(Supplied material)

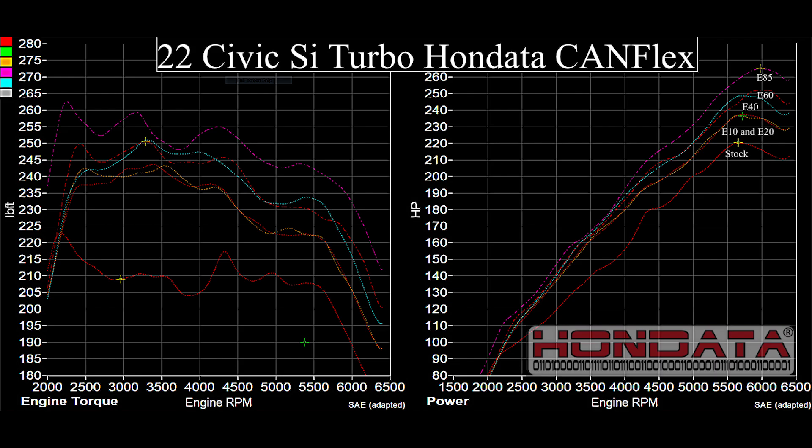We tested every ethanol blend from pump to E85 so you can fill your car without concern, knowing Hondata's tuning will get you to your destination.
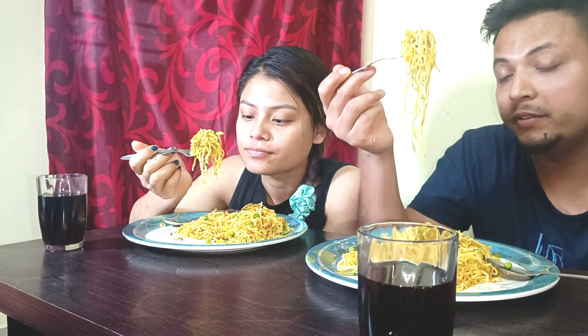Thank you so much for joining, guys. We have finally made this Maggi. So this is it. We are starting right now. Cheers!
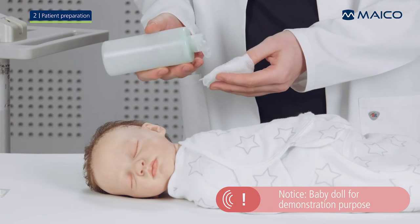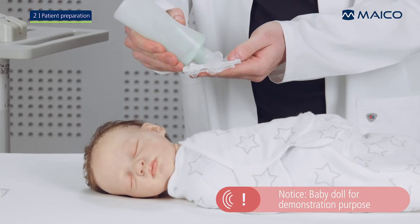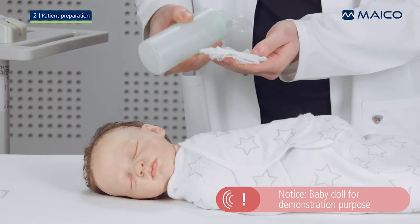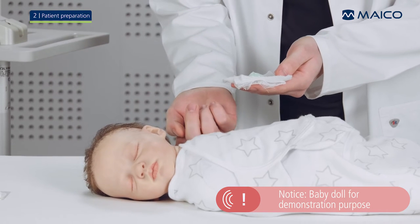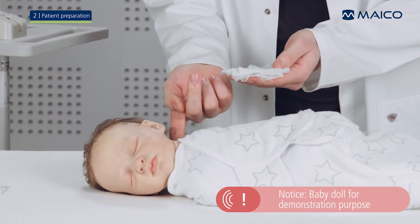Place a small amount of skin preparation gel on a pad. With the tip of your finger, take a drop of the gel and massage it into the skin at the electrode spots. Repeat this for each electrode spot.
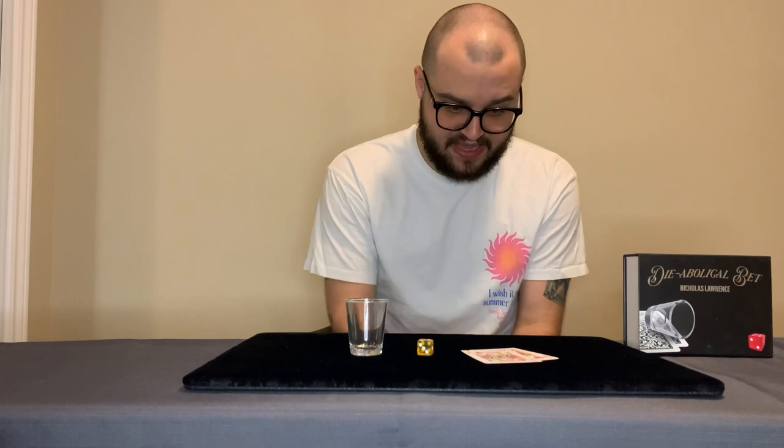So what do you get when you purchase Diabolical Bet? How much does it cost and where do you buy it? You buy this at Penguin Magic. It comes in a really big, tough box. What you get is your die, your shot glass, some cards, some gimmicks, and also an extra ending where you place the cards on the table and when the spectator looks at them, they're going to see there's like a black hole in them — an actual hole.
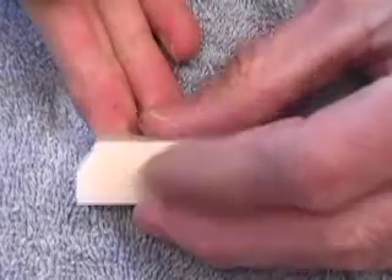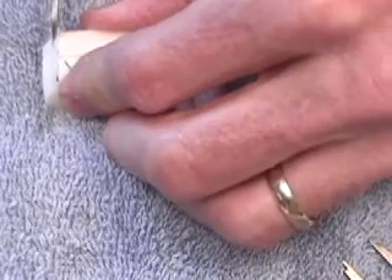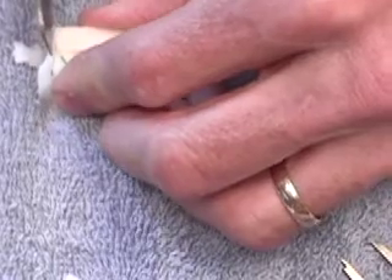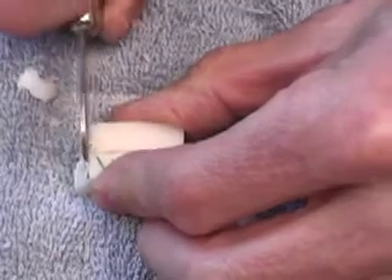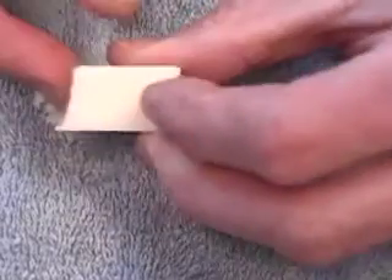There's our first pass — you'll get a feel for how much wax was removed. There goes our second pass. This time I'll be going a little bit more straight up and down, though still pointed slightly outward.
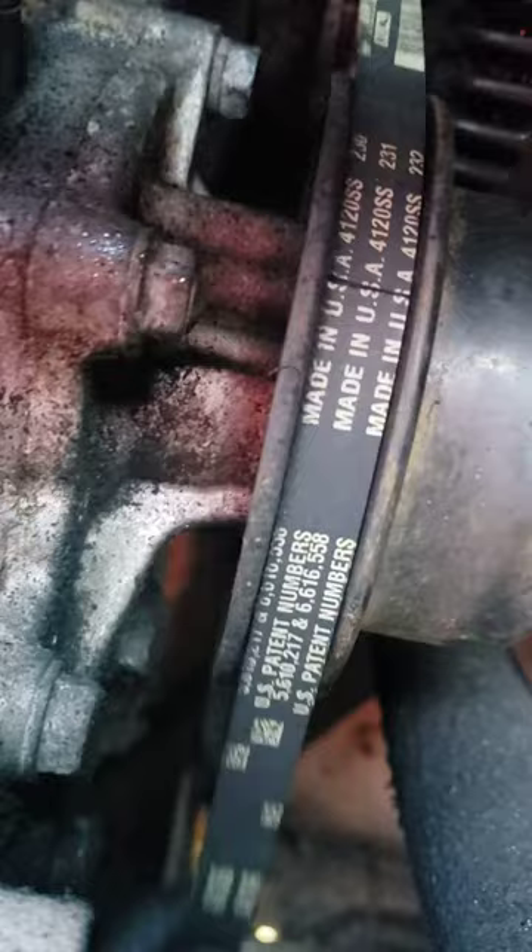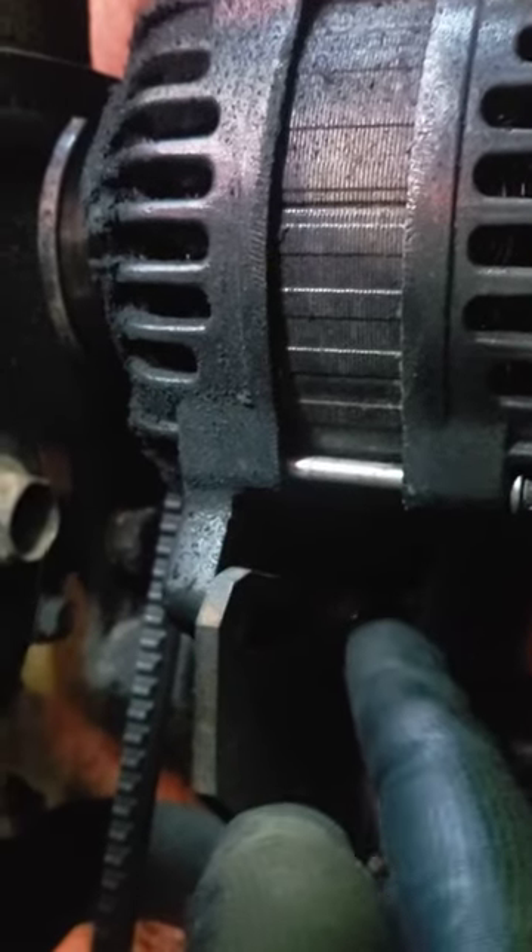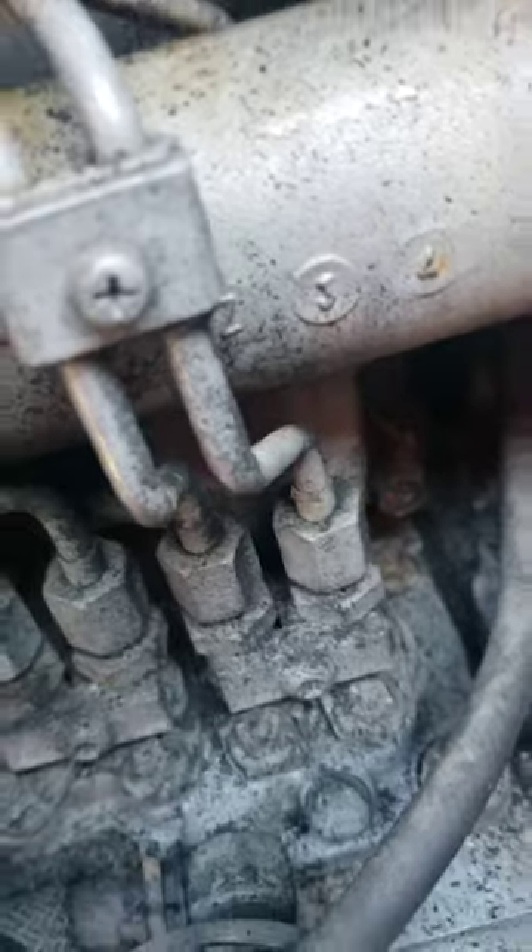This is how you tighten your alternator belt. There's a little half-inch bolt right here on your reefer. The belt is slack, and sometimes it will show a code saying alternator not charging. There's also a big bolt at the top.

(End Supplied material)

● Task to complete: From the line containing "So what do you" down to the last line of the entries above, retype each line exactly as it stands, but skip the pictures.

● Result of this task:
So what do you get when you purchase Diabolical Bet? How much does it cost and where do you buy it? You buy this at Penguin Magic. It comes in a really big, tough box. What you get is your die, your shot glass, some cards, some gimmicks, and also an extra ending where you place the cards on the table and when the spectator looks at them, they're going to see there's like a black hole in them — an actual hole.
There's our first pass — you'll get a feel for how much wax was removed. There goes our second pass. This time I'll be going a little bit more straight up and down, though still pointed slightly outward.
This is how you tighten your alternator belt. There's a little half-inch bolt right here on your reefer. The belt is slack, and sometimes it will show a code saying alternator not charging. There's also a big bolt at the top.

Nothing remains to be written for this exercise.